Eight years after my trip, I still smile when I think about the lessons I learned during that week. After I tried to give nearly disastrous advice about a construction project (it was a cultural thing - I was thinking in inches and they were thinking in centimeters - or is it millimeters?), I satisfied myself with painting one of the outbuildings. I couldn't get into much trouble there.
I also gained valuable insight into the nature of English idioms. Another woman on the work party was German, and I distinctly recall that, in a discussion about vehicles, when I referred to my truck as being "on its last legs," she responded, "Your truck has legs?!"
Roz Heinz from Bushwise Women introduced me to the lovely habit of morning and afternoon tea. At first, my overachieving American mindset caused me to be amused when Roz stopped the van midway from Christchurch to the lodge, brought out the Thermos of tea and the plate of scones, and set up an informal tea service near a babbling brook. As the week progressed, however, I came to appreciate the rhythms that allowed for this twice daily ritual.
The other thing I appreciated was that my size was simply not an issue. As a supersize woman, I naturally had reservations about my ability to keep up, but found that they were completely accommodating. In retrospect, I imagine this meshes with their philosophy of recognizing, tapping into and reinforcing the strength of women, but at the time I was silently appreciative.

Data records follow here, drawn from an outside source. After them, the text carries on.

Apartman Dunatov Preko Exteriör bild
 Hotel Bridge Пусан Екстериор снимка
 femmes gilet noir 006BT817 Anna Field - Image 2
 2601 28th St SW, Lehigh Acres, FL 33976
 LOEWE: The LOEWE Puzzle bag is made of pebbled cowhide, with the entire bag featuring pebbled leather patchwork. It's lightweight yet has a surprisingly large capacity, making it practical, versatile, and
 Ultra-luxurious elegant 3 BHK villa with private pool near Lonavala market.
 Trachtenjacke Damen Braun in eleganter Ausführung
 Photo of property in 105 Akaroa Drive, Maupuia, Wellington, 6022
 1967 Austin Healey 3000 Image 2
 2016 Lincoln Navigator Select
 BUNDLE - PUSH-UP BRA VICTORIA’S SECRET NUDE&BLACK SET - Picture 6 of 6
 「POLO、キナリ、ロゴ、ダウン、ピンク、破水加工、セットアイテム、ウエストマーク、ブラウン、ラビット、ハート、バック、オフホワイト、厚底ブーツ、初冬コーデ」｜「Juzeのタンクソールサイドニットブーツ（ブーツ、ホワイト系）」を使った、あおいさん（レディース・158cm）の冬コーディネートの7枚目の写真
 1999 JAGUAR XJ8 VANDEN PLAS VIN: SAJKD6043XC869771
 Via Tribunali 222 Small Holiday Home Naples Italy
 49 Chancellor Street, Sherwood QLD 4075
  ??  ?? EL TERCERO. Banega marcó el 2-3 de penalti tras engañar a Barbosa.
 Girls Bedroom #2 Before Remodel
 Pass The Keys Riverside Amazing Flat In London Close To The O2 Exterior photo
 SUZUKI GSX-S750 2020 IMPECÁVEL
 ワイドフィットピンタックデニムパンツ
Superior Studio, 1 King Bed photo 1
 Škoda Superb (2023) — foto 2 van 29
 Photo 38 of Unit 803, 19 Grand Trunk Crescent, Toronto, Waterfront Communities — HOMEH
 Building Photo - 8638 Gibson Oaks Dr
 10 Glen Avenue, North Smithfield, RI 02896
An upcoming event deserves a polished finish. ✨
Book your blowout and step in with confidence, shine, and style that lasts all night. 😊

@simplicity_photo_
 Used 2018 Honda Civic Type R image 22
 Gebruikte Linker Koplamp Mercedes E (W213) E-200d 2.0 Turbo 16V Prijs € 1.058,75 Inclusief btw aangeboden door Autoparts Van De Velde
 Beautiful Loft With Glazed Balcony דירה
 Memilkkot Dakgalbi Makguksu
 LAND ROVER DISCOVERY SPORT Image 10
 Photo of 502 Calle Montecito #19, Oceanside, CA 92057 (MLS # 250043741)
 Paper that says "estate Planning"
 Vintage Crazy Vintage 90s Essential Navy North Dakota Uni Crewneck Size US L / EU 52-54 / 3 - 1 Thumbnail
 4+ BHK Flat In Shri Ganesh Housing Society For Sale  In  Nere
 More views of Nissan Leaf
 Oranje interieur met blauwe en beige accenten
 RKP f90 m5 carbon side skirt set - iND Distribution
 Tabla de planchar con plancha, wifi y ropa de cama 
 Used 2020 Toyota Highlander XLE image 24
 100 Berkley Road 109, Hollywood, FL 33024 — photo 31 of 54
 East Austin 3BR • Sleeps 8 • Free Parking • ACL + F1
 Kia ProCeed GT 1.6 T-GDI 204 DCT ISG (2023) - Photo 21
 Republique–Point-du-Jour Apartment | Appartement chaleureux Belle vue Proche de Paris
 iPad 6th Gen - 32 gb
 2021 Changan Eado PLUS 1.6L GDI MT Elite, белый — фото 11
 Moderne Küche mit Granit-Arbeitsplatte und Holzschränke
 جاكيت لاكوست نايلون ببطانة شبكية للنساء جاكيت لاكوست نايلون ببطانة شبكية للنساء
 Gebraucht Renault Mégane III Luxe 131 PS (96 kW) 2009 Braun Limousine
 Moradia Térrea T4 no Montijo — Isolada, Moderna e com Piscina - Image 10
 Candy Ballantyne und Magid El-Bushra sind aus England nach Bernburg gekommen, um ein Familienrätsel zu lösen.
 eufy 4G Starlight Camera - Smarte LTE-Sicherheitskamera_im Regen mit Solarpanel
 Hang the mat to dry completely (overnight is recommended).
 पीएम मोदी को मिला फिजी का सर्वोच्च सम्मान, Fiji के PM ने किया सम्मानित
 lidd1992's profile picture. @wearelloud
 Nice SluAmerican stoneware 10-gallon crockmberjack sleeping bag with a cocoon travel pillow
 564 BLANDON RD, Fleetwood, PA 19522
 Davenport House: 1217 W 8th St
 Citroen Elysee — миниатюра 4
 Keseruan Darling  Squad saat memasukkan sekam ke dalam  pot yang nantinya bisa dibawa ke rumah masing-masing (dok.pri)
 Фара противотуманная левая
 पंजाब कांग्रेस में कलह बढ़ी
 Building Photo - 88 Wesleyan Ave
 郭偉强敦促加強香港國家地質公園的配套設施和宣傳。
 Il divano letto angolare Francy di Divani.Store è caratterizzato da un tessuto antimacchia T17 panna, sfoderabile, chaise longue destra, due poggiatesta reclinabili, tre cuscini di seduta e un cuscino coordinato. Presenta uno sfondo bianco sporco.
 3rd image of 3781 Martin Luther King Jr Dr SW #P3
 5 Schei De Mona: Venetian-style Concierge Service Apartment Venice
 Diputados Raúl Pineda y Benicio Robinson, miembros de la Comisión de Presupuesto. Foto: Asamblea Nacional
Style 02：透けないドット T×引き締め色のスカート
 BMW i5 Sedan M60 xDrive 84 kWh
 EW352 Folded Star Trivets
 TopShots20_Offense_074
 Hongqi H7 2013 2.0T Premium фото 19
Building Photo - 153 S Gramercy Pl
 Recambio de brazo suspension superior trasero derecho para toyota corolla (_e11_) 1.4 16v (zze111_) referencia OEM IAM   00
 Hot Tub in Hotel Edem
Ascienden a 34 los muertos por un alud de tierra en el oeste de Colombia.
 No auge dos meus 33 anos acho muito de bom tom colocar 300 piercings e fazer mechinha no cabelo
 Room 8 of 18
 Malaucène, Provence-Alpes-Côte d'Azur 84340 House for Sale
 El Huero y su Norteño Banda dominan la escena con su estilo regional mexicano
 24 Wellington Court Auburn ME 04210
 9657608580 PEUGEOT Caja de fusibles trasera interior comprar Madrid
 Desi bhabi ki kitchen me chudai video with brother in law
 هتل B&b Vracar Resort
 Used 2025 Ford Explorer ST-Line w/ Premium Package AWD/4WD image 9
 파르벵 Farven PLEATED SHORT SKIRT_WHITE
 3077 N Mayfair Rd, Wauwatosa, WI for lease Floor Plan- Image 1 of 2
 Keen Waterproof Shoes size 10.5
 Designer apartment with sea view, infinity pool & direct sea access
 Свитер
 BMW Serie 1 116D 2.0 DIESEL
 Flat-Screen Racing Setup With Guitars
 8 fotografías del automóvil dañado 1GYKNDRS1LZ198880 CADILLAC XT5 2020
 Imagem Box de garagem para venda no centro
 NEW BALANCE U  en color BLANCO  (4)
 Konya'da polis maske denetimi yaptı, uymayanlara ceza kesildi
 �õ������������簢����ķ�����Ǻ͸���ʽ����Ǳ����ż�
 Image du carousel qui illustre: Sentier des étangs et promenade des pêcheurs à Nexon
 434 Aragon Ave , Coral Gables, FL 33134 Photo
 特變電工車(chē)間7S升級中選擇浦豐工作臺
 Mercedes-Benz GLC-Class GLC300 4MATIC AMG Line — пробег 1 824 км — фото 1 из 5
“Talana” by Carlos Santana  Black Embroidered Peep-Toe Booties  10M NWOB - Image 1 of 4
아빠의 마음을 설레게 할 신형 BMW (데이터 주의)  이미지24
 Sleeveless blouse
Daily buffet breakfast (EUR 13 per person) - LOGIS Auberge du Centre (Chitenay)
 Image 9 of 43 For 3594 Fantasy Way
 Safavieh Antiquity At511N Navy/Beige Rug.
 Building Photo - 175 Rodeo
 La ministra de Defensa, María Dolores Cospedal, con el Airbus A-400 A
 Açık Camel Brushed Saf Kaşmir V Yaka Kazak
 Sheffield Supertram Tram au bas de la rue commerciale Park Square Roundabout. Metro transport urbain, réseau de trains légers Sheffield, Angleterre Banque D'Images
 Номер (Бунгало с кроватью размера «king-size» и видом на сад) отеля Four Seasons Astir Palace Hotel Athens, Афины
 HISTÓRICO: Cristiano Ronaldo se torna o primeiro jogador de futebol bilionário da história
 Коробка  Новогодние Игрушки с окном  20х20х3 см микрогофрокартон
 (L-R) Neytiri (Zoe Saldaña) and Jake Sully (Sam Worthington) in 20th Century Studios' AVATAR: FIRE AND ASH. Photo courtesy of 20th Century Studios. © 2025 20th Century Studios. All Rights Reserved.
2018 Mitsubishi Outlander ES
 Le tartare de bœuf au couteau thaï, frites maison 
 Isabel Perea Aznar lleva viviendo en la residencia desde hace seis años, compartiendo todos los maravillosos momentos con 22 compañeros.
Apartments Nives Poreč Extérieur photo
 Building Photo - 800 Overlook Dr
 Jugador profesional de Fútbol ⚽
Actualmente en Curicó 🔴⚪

Their website says, "When you come with Bushwise Women, you enter a whole women's network." This couldn't be truer. A couple of years after my trip to New Zealand, I got a call from Roz, saying that she and Cynthia, her partner, would be coming through Sacramento and would I like to get together? While we didn't have tea (as I recall, it was lemonade), we had a delightful time, and I continue to think of Bushwise Women with fond memories.